On Fri, 2007-02-16 at 04:35 +0000, Arthur Pemberton wrote:
On 2/16/07, Ralf Corsepius <rc040203(a)freenet.de> wrote:
> On Fri, 2007-02-16 at 02:46 +0000, Arthur Pemberton wrote:
> > On 2/16/07, Ralf Corsepius <rc040203(a)freenet.de> wrote:
> > > On Fri, 2007-02-16 at 02:19 +0000, Arthur Pemberton wrote:
> > > > On 2/16/07, Ralf Corsepius <rc040203(a)freenet.de> wrote:
> > > > > On Thu, 2007-02-15 at 02:33 -0500, seth vidal wrote:
> > > > > > On Thu, 2007-02-15 at 08:20 +0100, Ralf Corsepius wrote:
> > >
> > > > I don't think you've ever said how the information is being
sent
> > > > without user permission or what the personal data is that is being
> > > > sent.
> > > The smolt developers would be the ones to reply this.
> > >
> > > AFAIS (I banned smolt from my installations), it transmits
> > > a machine-id, several HW details (CPU brand, type, peripherials,
> > > bogomips) and OS details via http.
> > >
> > > i.e. they have the IP, they have a "machine-id", and they have
> > > information which is not publicly available elsewhere.
> > >
> > > Ralf
> > >
> >
> > Fair enough. However the machine-id cannot legally id your computer,
> > nor is it supposed to be able to. As far as I understand, your
> > machine-id will be specific to Fedora.
> >
> > But considiering you have to TELL IT to transmit thoise things, how
> > can there be any legal problems?
>
> There is one dead-beat argument likely rendering this discussion moot:
>
> Not wrt. smolt, because the server is hosted in a foreign country,
> therefore the data, unless it's contents is lawful, is likely not
> subject to German laws (To be verified by a German lawyer).
Maybe Fedora needs to simply not run smolt in german countries. You
make it seem as if there is some special, useful data being stored.
Absolutely not. I am only commenting from a German perspective, because
I am living in Germany, because I am familiar with the situation around
here.
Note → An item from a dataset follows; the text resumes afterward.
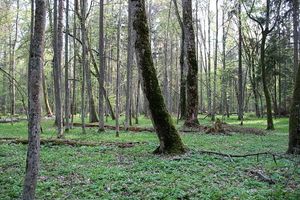 Puszcza|undefined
I am pretty sure, what I said applies to many other countries as
well.
The data is only interesting from a statistical point of view, and
to
a limited audience.
For YOU, but ... the fact "$big business" is running
42 Fedora 6
machines with 9 of them being equipped with a topsecret "IBMINTAMD"
processor at 50 GHz in their development departments might be a business
secret.
> > Or are you saying it is illegal to
> > ask someone to fillout a survey form ,
> No, it is not, but (at least some) Germans probably will be very
> reluctant to fill out such forms and be very careful about what they
> fill out.
Okay. So what's the differene bween not filling out the form and not
running smolt?
What is the difference between not installing smolt and having to
fill
out a form?
Basically: security, less exposure to risks.
> > where they can simply ignore,
> > in your country?
> Common practice on "statistical survey forms" is them to carry an
> explicit "data-privacy disclaimer", which people explicitly have to
> check (== opt-in), which details what the data is being used for, to
> whom it will be passed on and when it will be deleted.
There is no fundamental difference between smolt and a survey form -
down to to the fac that machine readable survey forms do have id
numbers (in this case the machine id - may be it should be called the
smolt id since there is no such thing as a machine id, yet at least)
German laws
probably would mandate to keep the machine id separate from
the IP or not to record the IP at all.